Objective: Build a screening tool to identify people at risk of X.
Approach: Using data from contexts A and B, we explored logistic regression models to predict X. We did forward & backward variable selection, and selected the model based on AIC & BIC (using an elbow plot). We developed a scoring tool with integer values for ease of use based on coefficient scores. The final tool had 4 variables, from about 15-20 candidates. There are about 800 samples from each context, and X is around 10% prevalence.
Validation: In addition to internal validation (performance on data from A and B), we assessed performance based on another context C. It was slightly lower, but similar. Performance being: AUC, and sensitivity & specificity for various score thresholds.
Questions: With the goal of getting best screening performance (sensitivity/specificity trade-off) in the field, shouldn't we make better use of the data from context C? Specifically, should we:
- Do leave-one-context-out cross validation, and check: a) whether the same variables are selected? b) whether the performance changes?

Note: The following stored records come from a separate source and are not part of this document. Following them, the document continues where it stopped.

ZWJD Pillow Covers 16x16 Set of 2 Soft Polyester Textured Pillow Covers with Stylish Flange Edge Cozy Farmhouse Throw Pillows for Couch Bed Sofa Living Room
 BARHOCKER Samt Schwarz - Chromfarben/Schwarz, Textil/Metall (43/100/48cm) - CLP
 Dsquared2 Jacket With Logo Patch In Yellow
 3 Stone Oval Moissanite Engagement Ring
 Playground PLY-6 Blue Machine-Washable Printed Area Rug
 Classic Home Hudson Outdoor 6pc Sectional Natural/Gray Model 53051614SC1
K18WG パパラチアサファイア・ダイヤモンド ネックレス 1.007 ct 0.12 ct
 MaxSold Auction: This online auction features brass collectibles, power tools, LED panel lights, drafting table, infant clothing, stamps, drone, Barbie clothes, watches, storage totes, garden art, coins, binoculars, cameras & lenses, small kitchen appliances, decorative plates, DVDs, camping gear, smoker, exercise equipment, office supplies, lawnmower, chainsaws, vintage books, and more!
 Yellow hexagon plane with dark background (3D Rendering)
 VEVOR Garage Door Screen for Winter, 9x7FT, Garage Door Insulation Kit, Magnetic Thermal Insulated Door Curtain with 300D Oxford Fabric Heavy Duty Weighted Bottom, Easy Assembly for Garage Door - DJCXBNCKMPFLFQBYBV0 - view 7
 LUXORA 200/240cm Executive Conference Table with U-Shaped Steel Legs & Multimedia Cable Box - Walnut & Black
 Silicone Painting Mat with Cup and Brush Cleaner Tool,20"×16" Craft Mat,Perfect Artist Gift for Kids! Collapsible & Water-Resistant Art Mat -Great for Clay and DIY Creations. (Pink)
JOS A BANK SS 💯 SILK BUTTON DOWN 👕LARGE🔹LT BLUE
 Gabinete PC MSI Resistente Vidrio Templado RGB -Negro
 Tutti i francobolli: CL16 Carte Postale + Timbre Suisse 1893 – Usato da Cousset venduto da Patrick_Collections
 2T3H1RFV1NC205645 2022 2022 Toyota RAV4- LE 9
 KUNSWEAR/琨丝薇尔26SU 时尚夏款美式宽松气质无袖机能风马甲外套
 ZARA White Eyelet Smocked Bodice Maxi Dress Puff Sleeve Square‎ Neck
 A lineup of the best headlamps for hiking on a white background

- For the final actual tool, build the model from all available data. Yes, we can no longer estimate external validity (though we got a sense in 1), but we can still estimate internal validity. And, isn't it highly unlikely that the true performance would decrease by adding more data? Given the number of variables, data points, and model, I would think overfitting is unlikely.
Note: I'm a supporting author, so my understanding of exact methods details to date is not perfect.
Thanks,